Today I am finding my own voice in taking responsibility for myself. Each morning I start the day with a meditation where I ask God for the strength and guidance to surrender my desire to control others and life in general. I pray for love. I am setting boundaries with people. It's unpleasant but I am learning how to say "no." Today I feel safe in my own company, and I allow myself to speak. Sometimes I scream when I’m alone because it feels so new and so relieving! I am slowly releasing the years of staying quiet. I am learning how to express in a healthy way to others what is acceptable and unacceptable in my life. I am finding out that neither people, places or things can give me peace, and the tighter I hold onto these illusions, the more resistance I create, which paralyzes my own inner love to sing. I am learning how to be alone in my own company, in my own silence, and in my own noise. I practice looking into the mirror and telling myself “I am safe, I am loved, and I am beautiful.” (I used to avoid all mirrors possible when I was in the thick of my own suffering. I couldn’t stand to look into my own eyes.)

I am trusting my own inner love and truly knowing that all the love and answers I am searching for are within my heart. Nobody has them but me. I know there is a lot of garbage left to clean up that is blocking my path to my heart. This summer I made the commitment to clean out as much as I can, and I will keep that promise. I want to love cleanly, speak cleanly, behave cleanly. One of my absolute favorite phrases from Jim. Mostly, I want to fall in love with myself. Which I feel I am. I am experiencing the miracle of love. I have seen it melt away layers of fear and harmful stories within. I am learning to trust and love myself regardless of my past. I am learning to love my voice. And I no longer feel other people's voices are more important, beautiful, or wiser than my own.

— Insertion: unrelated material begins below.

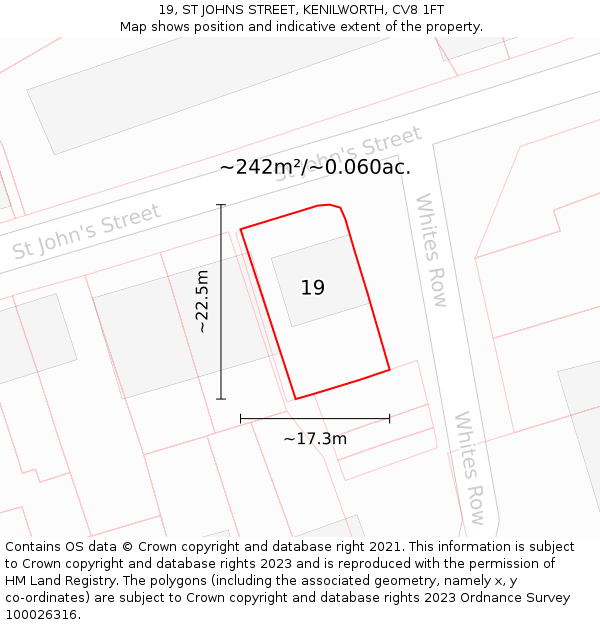 19, ST JOHNS STREET, KENILWORTH, CV8 1FT: Plot and title map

  1. Jenn, thank you for sharing your struggle and your journey towards finding your voice. That takes a lot of courage. I resonated with much of what you spoke to and it's inspiring to hear a story like yours. You are a beautiful writer.

  2. Jenn, I am so grateful for your sharing and willingness to be completely vulnerarable in sharing you story and your journey. We have many parallels in our lives. I too struggled from a young age finding my voice and have spent years taking care of everyone else (but me) to validate my self-worth. Through your sharing you've blessed me with the continued encouragement that I needed to openly embrace my spiritual awakening and allow the healing to continue. Remaining open to the process.